Which is why some husbands go, “Eh, it’s not that expensive,” and buy one without telling their wives. Then the mother-in-law defends him—boom, instant duel trigger.
[Snow Woman]:
The Conceptual Spirit possessed by Setsuna Kirisame. She’s a legendary spirit formed from old folklore and stories—she’s been with Setsuna for a long time.
As her name suggests, she’s very pale, quiet, and elegant—just like a woman of snow. But she’s not cold-hearted. In fact, in the old stories where she lived with her human husband until he discovered her true nature, she was known to be kind and nurturing.
She embodies the ideal of “a supportive wife.” She’s the kind who quietly handles all the chores behind the scenes.
Even the massive bath in the Soranaki house? Yeah, she’s the one who’s been cleaning it.
Pale. Quiet. Devoted. Domestic.
Because of all that, Setsuna’s had this tiny fear in the back of her mind—“Wait… is she more appealing to guys than I am…!?”
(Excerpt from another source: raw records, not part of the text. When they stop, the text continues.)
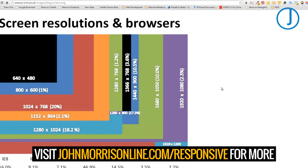Your website should respond to its environment. It should respond to what it's being viewed on — what device and primarily what screen resolution is viewing it. It should respond to that to show the optimal display for that particular device.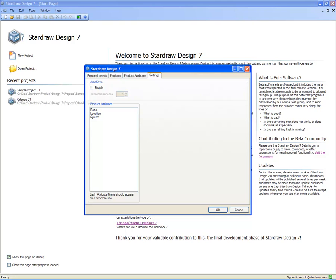Well, that's a quick tour through the Personalization Dialog, a very important part of StarDraw Design 7. Please do look at some of the upcoming videos to see how we actually use all of this great functionality.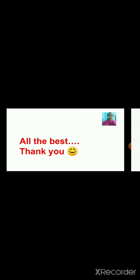Now about submission: the submission date for SA-1 activity and practical is 19th August. You have to submit it before 8 p.m. All the best and thank you.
So when Kanata said, “I want to get along with [Snow Woman],” she totally blew a fuse.
As for [Snow Woman] herself… she’s currently panicking.
[Motorcycle]-kun:
As a Conceptual Spirit born from a bike, he got all hyped up just from speeding around and causing chaos… only to get instantly and brutally disciplined.
Even after getting launched through the sky, Kanata stepped on him and said, “Know your place.”
Even after getting slammed into the ground, he was told, “Don’t look up at me.”
Yeah… poor [Motorcycle]-kun. His spirit’s completely broken now.